Un par de ejemplos. Me compro un libro de la editorial Atalanta, espoleado por la época en que la obra fue escrita, el siglo XIX. El autor es un filósofo alemán de los rigurosos y científicos de ese momento, Gustav Theodor Fechner, pero sobre todo, lo que ha determinado mi interés por el texto ha sido la anécdota que encabeza el prólogo: un buen día que el filósofo salió a su jardín, percibió cómo emergía un resplandor de un brote de plantas en un rincón. Aquella imagen fue como una revelación mística, la confirmación insólita de sus ideas sobre la existencia del alma en los vegetales.
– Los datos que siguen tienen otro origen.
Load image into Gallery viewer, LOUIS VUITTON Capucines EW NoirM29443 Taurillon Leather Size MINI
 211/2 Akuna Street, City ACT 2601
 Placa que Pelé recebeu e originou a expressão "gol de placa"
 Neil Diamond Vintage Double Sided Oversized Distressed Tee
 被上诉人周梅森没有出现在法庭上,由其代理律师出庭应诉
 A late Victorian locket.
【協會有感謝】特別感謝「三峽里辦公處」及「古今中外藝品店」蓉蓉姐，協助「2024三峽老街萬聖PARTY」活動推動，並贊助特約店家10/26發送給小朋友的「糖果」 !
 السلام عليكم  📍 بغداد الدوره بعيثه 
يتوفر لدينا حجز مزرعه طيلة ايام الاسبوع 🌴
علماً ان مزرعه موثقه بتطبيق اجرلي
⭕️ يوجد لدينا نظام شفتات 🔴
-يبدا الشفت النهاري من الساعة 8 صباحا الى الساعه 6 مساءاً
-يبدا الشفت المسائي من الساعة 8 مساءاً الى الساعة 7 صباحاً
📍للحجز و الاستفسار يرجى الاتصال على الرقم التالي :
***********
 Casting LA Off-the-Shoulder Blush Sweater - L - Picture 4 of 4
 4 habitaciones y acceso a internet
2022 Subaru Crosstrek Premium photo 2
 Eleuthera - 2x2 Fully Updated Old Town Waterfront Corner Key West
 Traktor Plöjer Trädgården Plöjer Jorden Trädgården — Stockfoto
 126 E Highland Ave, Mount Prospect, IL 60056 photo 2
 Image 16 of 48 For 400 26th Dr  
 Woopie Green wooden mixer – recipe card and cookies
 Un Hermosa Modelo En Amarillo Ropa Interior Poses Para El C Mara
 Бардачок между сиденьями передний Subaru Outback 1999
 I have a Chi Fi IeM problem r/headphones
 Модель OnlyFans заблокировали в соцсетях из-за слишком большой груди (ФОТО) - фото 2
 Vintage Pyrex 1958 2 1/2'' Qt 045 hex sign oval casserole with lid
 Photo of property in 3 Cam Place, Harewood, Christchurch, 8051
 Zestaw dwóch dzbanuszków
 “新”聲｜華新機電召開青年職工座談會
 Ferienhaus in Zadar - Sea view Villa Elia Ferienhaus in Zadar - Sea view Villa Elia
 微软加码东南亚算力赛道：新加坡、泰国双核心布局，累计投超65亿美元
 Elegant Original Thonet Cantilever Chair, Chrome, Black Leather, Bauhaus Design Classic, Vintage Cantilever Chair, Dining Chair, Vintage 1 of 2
Paladeando semejante ocurrencia, tan fascinante avistamiento, me asombré de la cantidad desconocida de   historias que habrán ocurrido en la vida privada de la gente y que nunca conoceremos o que, paulatinamente, irán viendo la luz. Me maravillé por la realidad de esta consideración más que por su idea notable y concluí, por un lado, admitiendo el carácter indeterminadamente desplegable y misterioso del tiempo, y por otro, coincidiendo con la primera observación, la imposibilidad de conocer todo lo ocurrido en el tiempo. Este se me antojaba como una suerte de pergamino en el que estuviesen señalados los puntos en los que aconteció algo al tiempo que tal pergamino no terminara de desenrollarse nunca. Cada página presuntamente expuesta era en realidad insondable.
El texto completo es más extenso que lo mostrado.